Remember, Greek Democracy failed because they spent the treasury empty.
That means bankers, wall streeters and corporate ceo's wouldn't have the right to vote, only ordinary working people who can't afford tax shelters, offshore accounts or bailouts in the trillions. Welfare money spent on the poor is chunk change compared to what they get.

Actually, its the compound interest on government debt that causes the biggest part of fiscal problems. If politicians had dealt with it at the small stage it would be a whole lot easier than the festering monster accumulated. Even a small cut to entitlement programs would make a huge difference.

It's not going to be fixed. It is going to collapse. (At least that's what it looks like to me now. ) We are all riding on one massive "Titanic" and many of us are doomed, we just won't know which of us it is yet.

I predict fire and darkness with death stalking the land.
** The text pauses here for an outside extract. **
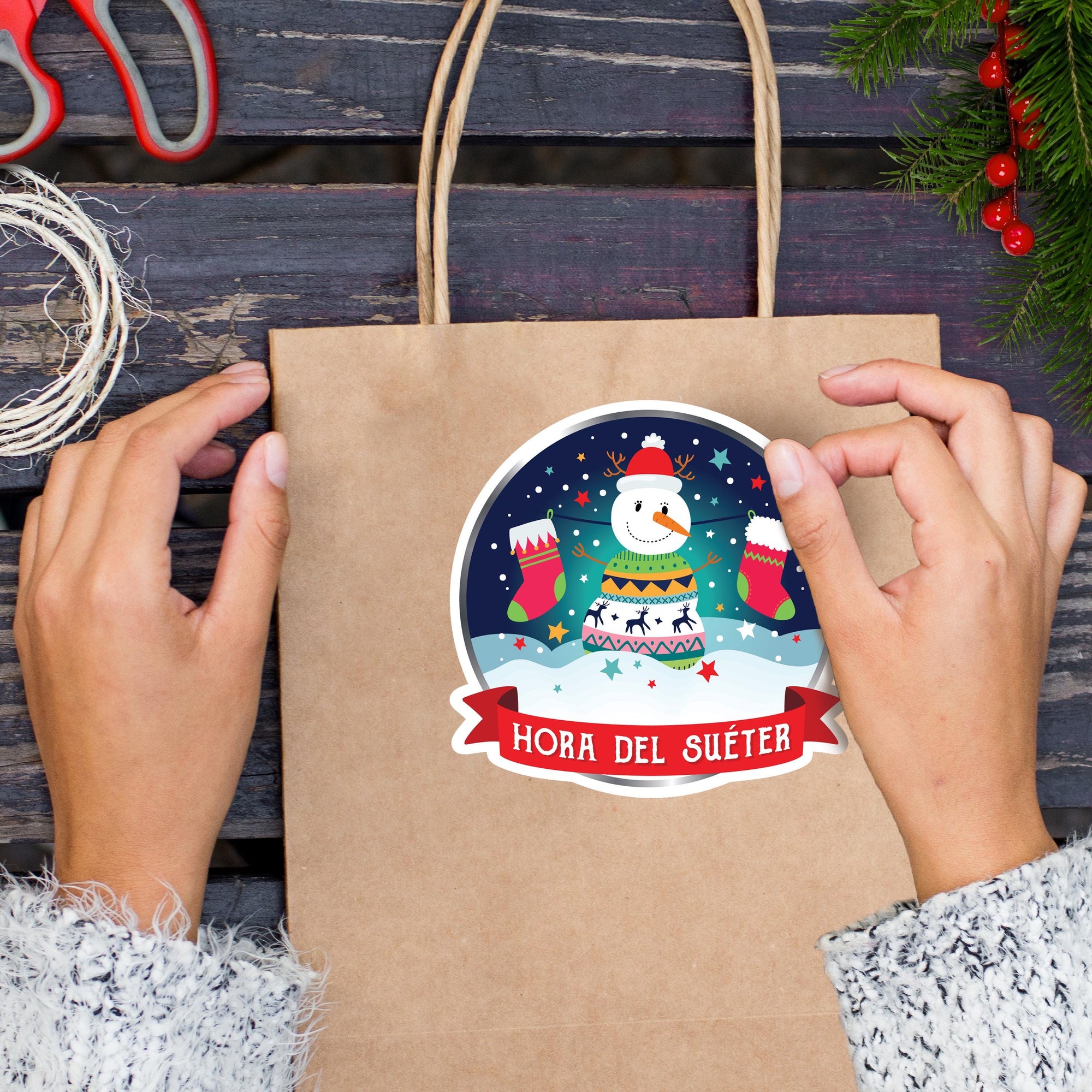 A person&#39;s hands are holding a brown paper bag with a festive snowman sticker on it, which features a red scarf, a snowman, and a red ribbon.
The four riders of the Apocalypse are coming, and they are being brought here by the immorality of spending/stealing that the government (promoted by it's handout recipients) has been doing.

I'm trying to get prepared, but what can you do to prepare for worthless money? I'm trying to put together a natural gas filling system for my vehicles, grow my own crops, and raise my own cattle. Off Grid, John Galt is the way to go.

When it hits it's going to hit fast and ugly. Hopefully the National guard will be able to keep some sort of lid on it for awhile.
‘What all the wise men promised has not happened, and what all the damned fools said would happen has come to pass.’